Most men would have gone about their business against such an awesome abuse of power. Not Kintner. Never one to cower before tyranny, Kintner exercised his right to express dissent, which as we all know is the highest form of patriotism. He drove his car up one block, then began to shine his headlights at oncoming motorists, his friends and neighbors, to warn them that the government was conducting radiation experiments in the area.
It is a truth universally acknowledged that a man in possession of the courage to speak out against government overreach must be arrested, and branded a criminal. That truth came to pass in Kintner's case. The deputy abused his authority to charge Kintner with the high crime of "flashing lights" in violation of Florida statute 316.2397(7):
Flashing lights are prohibited on vehicles except as a means of indicating a right or left turn, to change lanes, or to indicate that the vehicle is lawfully stopped or disabled upon the highway or except that the lamps authorized in subsections (1), (2), (3), (4), and (9) and s. 316.235(5) are permitted to flash.

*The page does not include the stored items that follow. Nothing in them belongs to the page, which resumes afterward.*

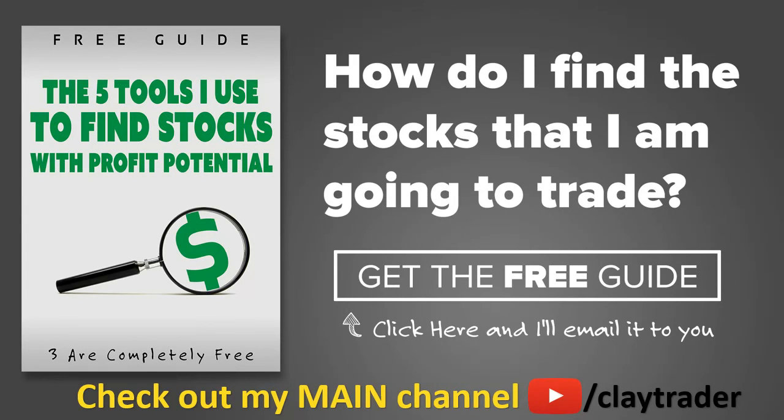One of the most popular questions I get is: hey Clay, how do you find the stocks that you trade? What I've done is put together a free resource guide where I talk about the tools I use to locate stocks that I find interesting and think may have potential. If that sounds like something that could add value to you as a trader, click right there to get access to the guide. The guide itself is very short and to the point, and it is free. Thanks for watching, have a good one.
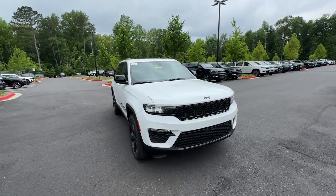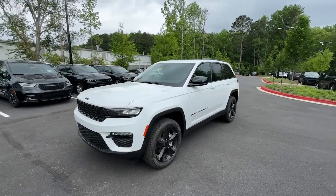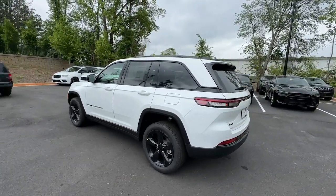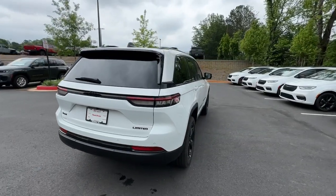You just found the 2024 Jeep Grand Cherokee. The Grand Cherokee keeps you safe, connected, and entertained while you explore your world in confidence and refined luxury. These are just some of the great options this vehicle comes with: heated steering wheel,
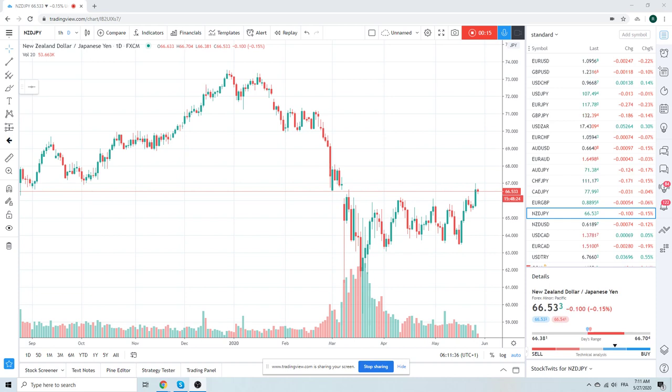Obviously, equities are now in a range. Support down there at 29.75. Resistance somewhere in the stratosphere.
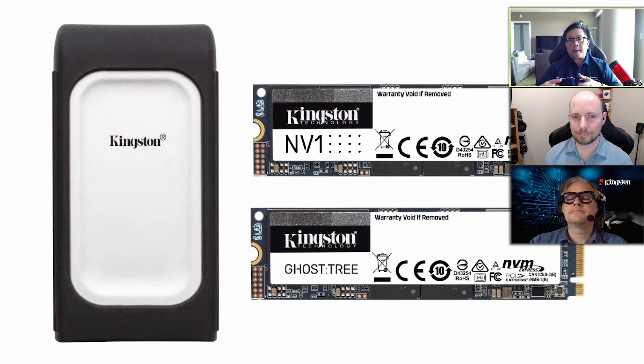We don't have price points established yet. For NV1, because it's entry-level, there's a lot of competition there. There's a lot of price parity between NVMe and SATA now, and with more competition it's just driving prices lower. The supply of NAND is in good shape right now, so it'll be a very competitive price.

Fortunately for us all, where most men would have given up at this point and "paid the ticket", Kintner fought back. He retained the services of J. Marcus Jones, the noted attorney of Oviedo Florida, and sued for his liberty. Jones fought for Kintner's freedom with a two-pronged assault: first, that the Seminole County Sheriff applied the statute arbitrarily, to punish Kintner for warning his fellow citizens of the deputy's misconduct; second, that each time he activated his headlights to caution his neighbors, Ryan Kintner was engaged in speech protected by the First Amendment of the United States Constitution.

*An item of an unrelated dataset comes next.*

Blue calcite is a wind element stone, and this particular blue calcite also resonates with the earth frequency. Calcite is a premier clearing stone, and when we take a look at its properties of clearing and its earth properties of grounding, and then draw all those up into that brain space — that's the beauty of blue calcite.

That's right. Ryan Kintner speaks with his car. And with the able advocacy of Marcus Jones, he does so most eloquently. Yesterday Judge Alan Dickey of the Seminole County Circuit Court struck down the unlawful acts of this brazen Sheriff, holding that Ryan Kintner has a First Amendment right to warn friends, family, and neighbors of hazards created by the police.
Even if he has to use his car to do it.
So hats off to Judge Dickey, Mr. Jones, and especially Mr. Kintner. Thanks to Ryan Kintner, all of us are a little more free today.